* _Work request_: Only the lines below from the one that holds "圈内人爆料维亚老公,揭秘娱乐圈背后的神秘人物" through the one that holds "Neiman Marcus Floral" should appear in the answer, copied exactly, end lines included and pictures omitted.

** Data supplied follows **

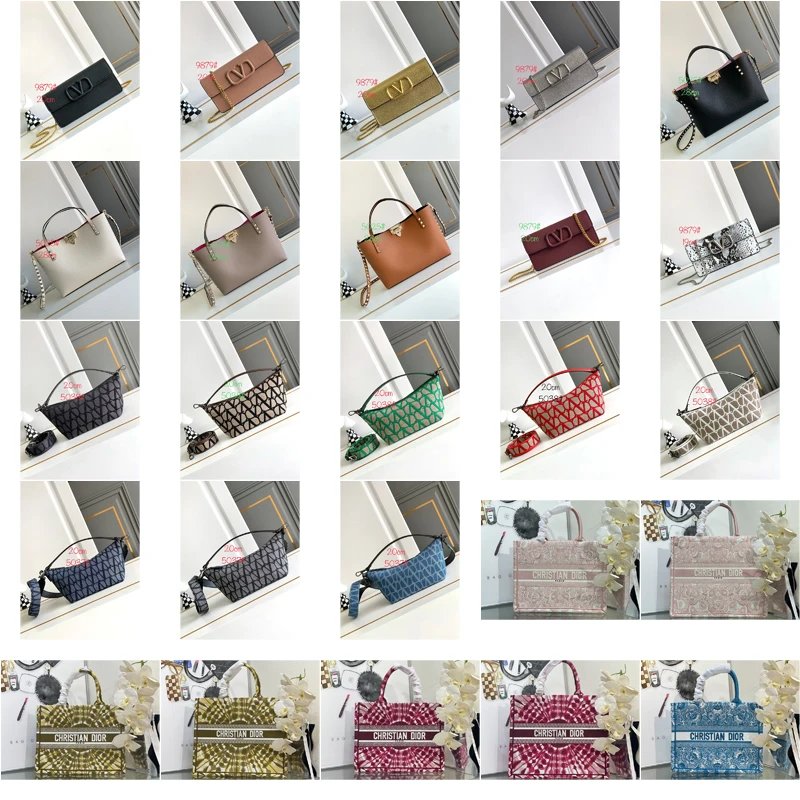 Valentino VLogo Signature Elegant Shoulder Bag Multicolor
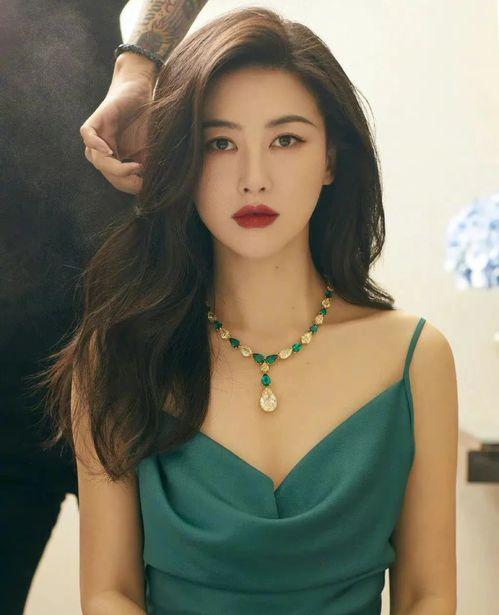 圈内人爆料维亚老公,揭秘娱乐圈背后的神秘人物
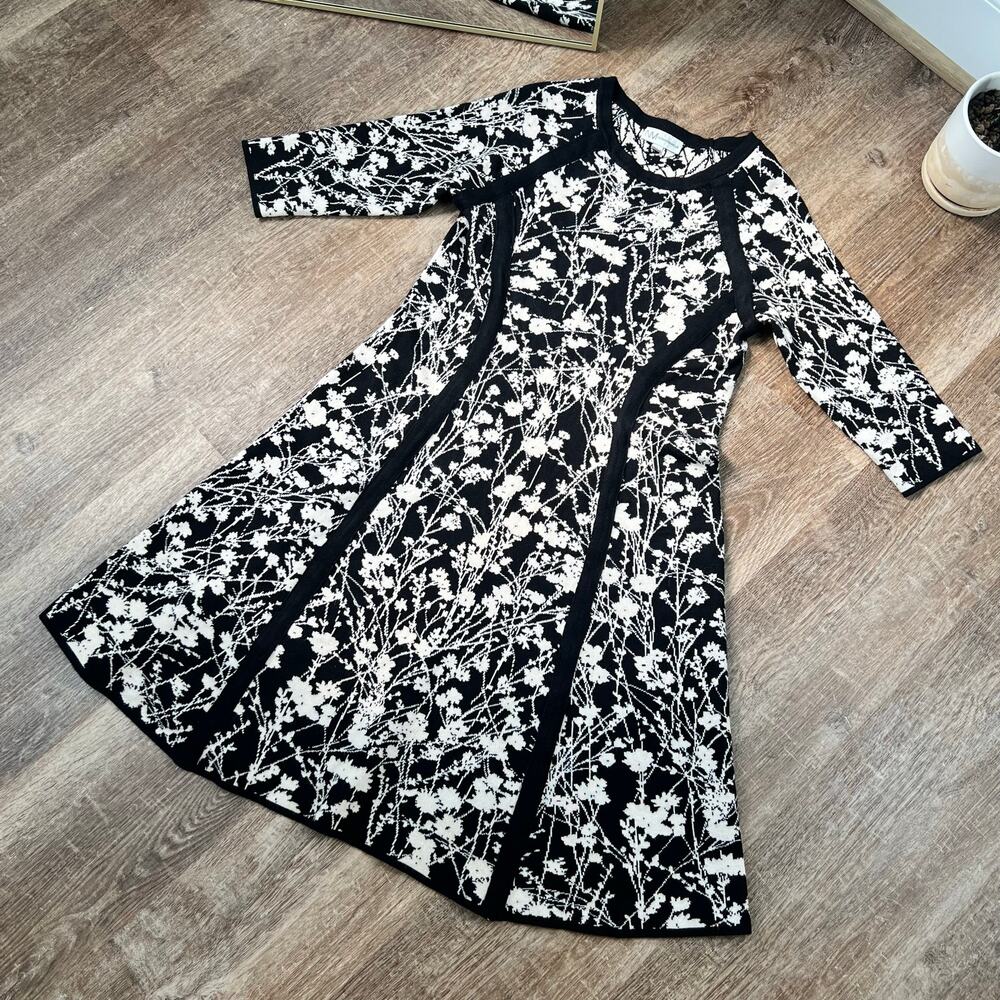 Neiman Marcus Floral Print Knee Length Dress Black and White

** End of Data supplied **
** Data supplied follows **

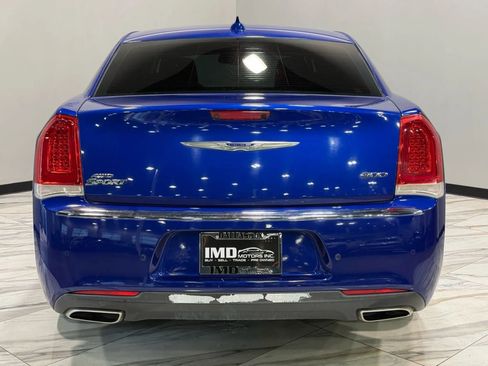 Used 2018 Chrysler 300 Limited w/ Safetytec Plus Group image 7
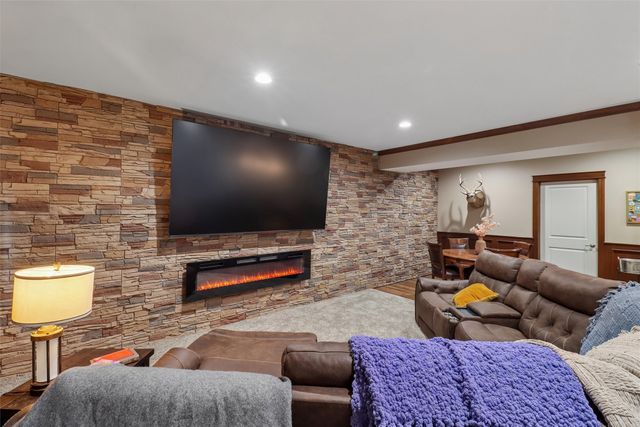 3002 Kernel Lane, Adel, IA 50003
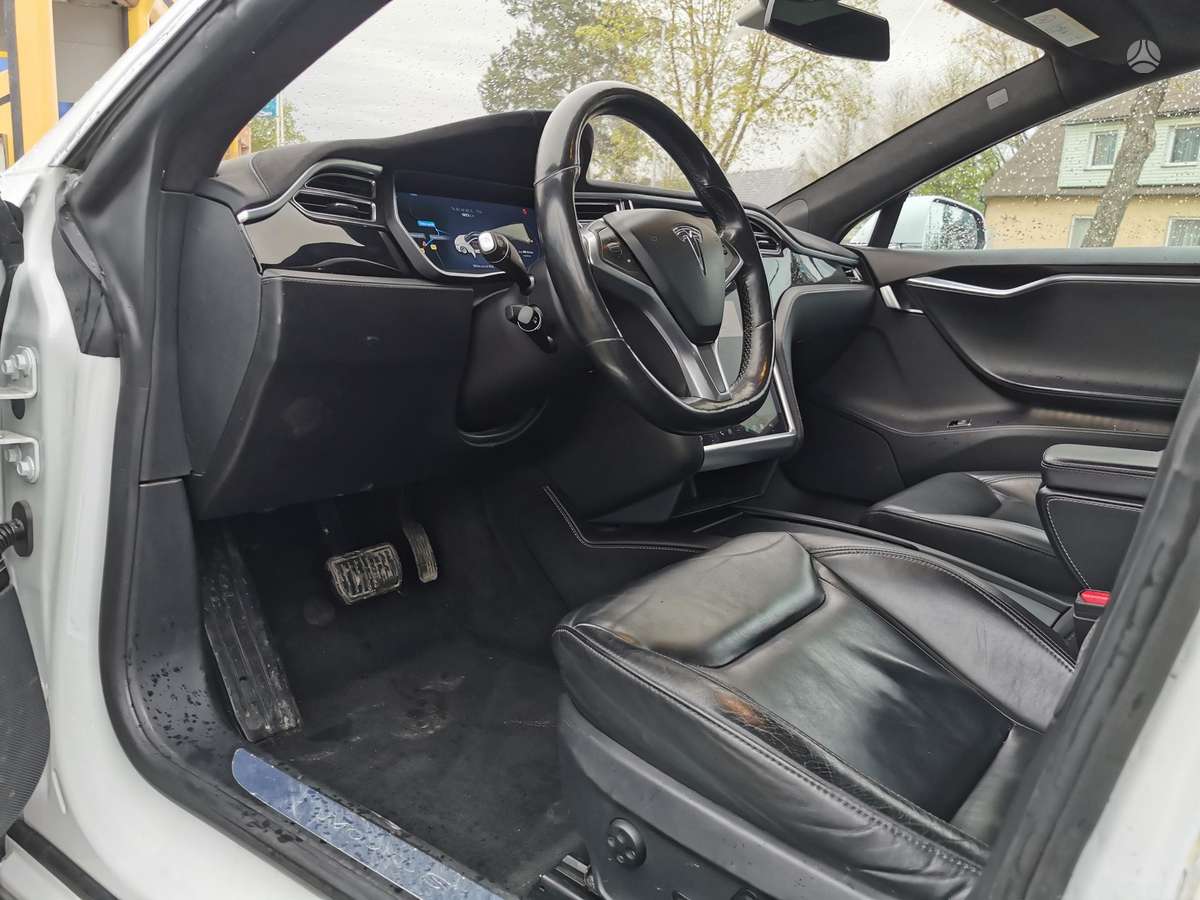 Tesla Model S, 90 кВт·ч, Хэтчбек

** End of Data supplied **

* _Completed exercise_:
 圈内人爆料维亚老公,揭秘娱乐圈背后的神秘人物
 Neiman Marcus Floral Print Knee Length Dress Black and White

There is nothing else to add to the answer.